In the mission, word had come through that the Enid,and all hands, was missing. Martha, Lillian and Willy’s daughter, started waiting on the same day every week for the provision truck. S
he would leave her school duties early on that day and sit under the big tree in the centre of the mission, where all the visitors stopped. She spread a blanket and sat in the shade hours before the truck was due. The younger children, who weren’t at the school yet, thought this was comical at first, and a good excuse for teasing. But Martha gave one of them a good thrashing for pestering her too much. Too thorough, his mother thought grimly. In other circumstances she would have fronted up to the girl, or the girl’s mother, to seek justice—to see that the girl also got a belting from her mother, or to belt the mother herself. But the girl’s family was having a bad time and had enough grief before them.
After the bashing incident, the little children left Martha alone. But later, some of them forgave her her temper, and quietly started to keep her company. They would sneak onto her blanket and sidle up to her, leaning gently against her silent form. Knowing she was sad, they imitated the comfort that adults gave them when they were sad. They sat with her only for short times and then they would get bored and take off to play, screaming and running, full of life.

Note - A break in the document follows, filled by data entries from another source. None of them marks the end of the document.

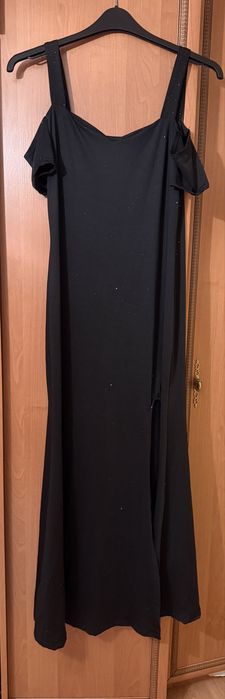 Vand rochii elegante, pretul este per bucata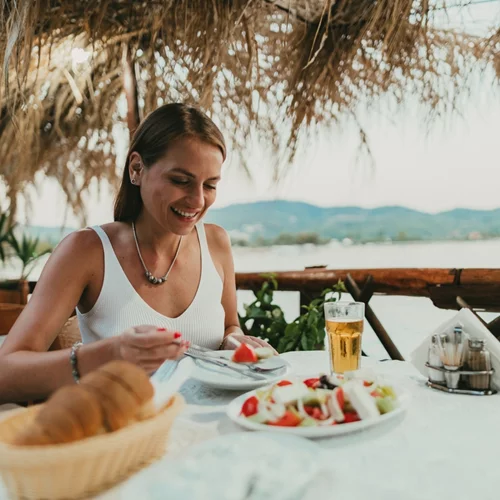 Δυσκοιλιότητα στις διακοπές; 7 τροφές για να τη νικήσεις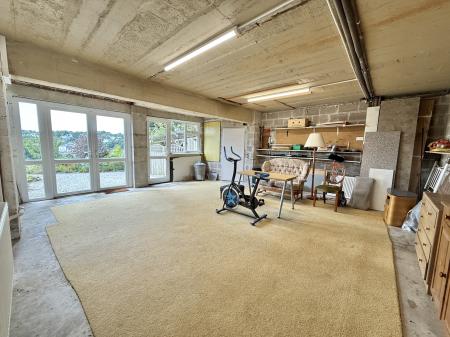 Large Workshop/Former Garage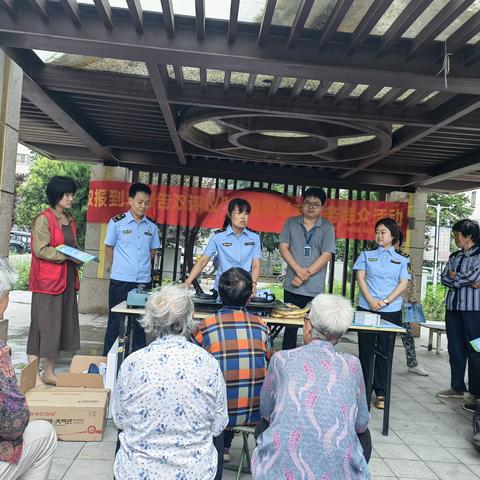 上林街道上林北路社区：推动“双报到”走深走实 燃气安全宣传进社区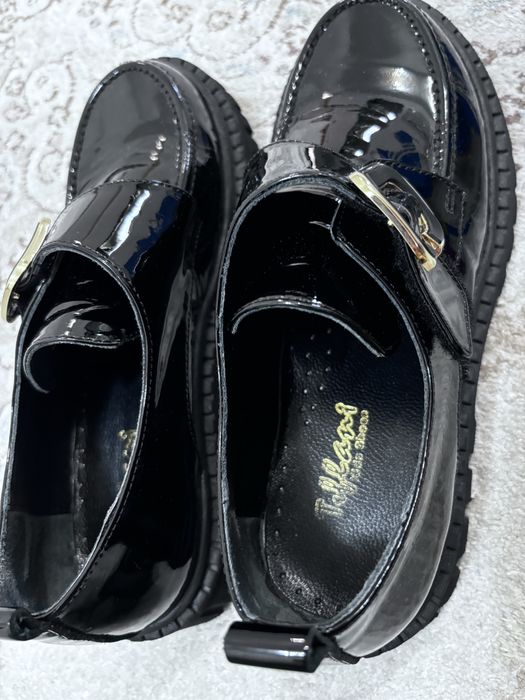 Лоферы Tiflani продам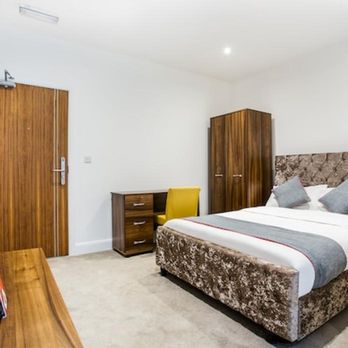 OYO The Arch - Hotels Near Me - Wembley, XGL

Each week, on the same afternoon, the nuns would see Martha sitting under the same tree. The nuns discussed the situation and decided it was best that Martha continue her hopeless vigil. She was advanced in class, and the missed school afternoons could be afforded. Better this wait than that uncomfortable wild grief and anger that would certainly come. The nuns were fearful to mention Willy’s name, not only out of respect, for cultural reasons, but also because they might provoke the madness they saw in the girl. In the first week after hearing the Enid might be missing, Martha had gone mad, rushing around screaming and shouting, blaming the missionaries and the mission people for his disappearance. To her mind, they made him dead by believing it and saying it out loud. There was no point trying to talk sense to the girl, or taking a firm hand with her, she just became more agitated and aggressive. Once it had taken two of her uncles to hold her down during a fit of rage, and they had dragged her off to old Jurud’s place. It was not right. She had confronted Father Max in the meat cool room, threatening to assault him because it was he who had brought the news back from Broome! Lillian, Martha’s mother, was paralysed with shock and grief, but even without this tragedy, she would not have been any help. Lillian had always been soft; they had all protected her from the day she arrived at the mission. Martha was always a strong personality, but this behaviour was not right. The other women were looking after Lillian’s young children and house. Young Mary, the eldest girl, seemed to be the only capable one in the family. Everything had changed in the instant it was known Willy was not coming home.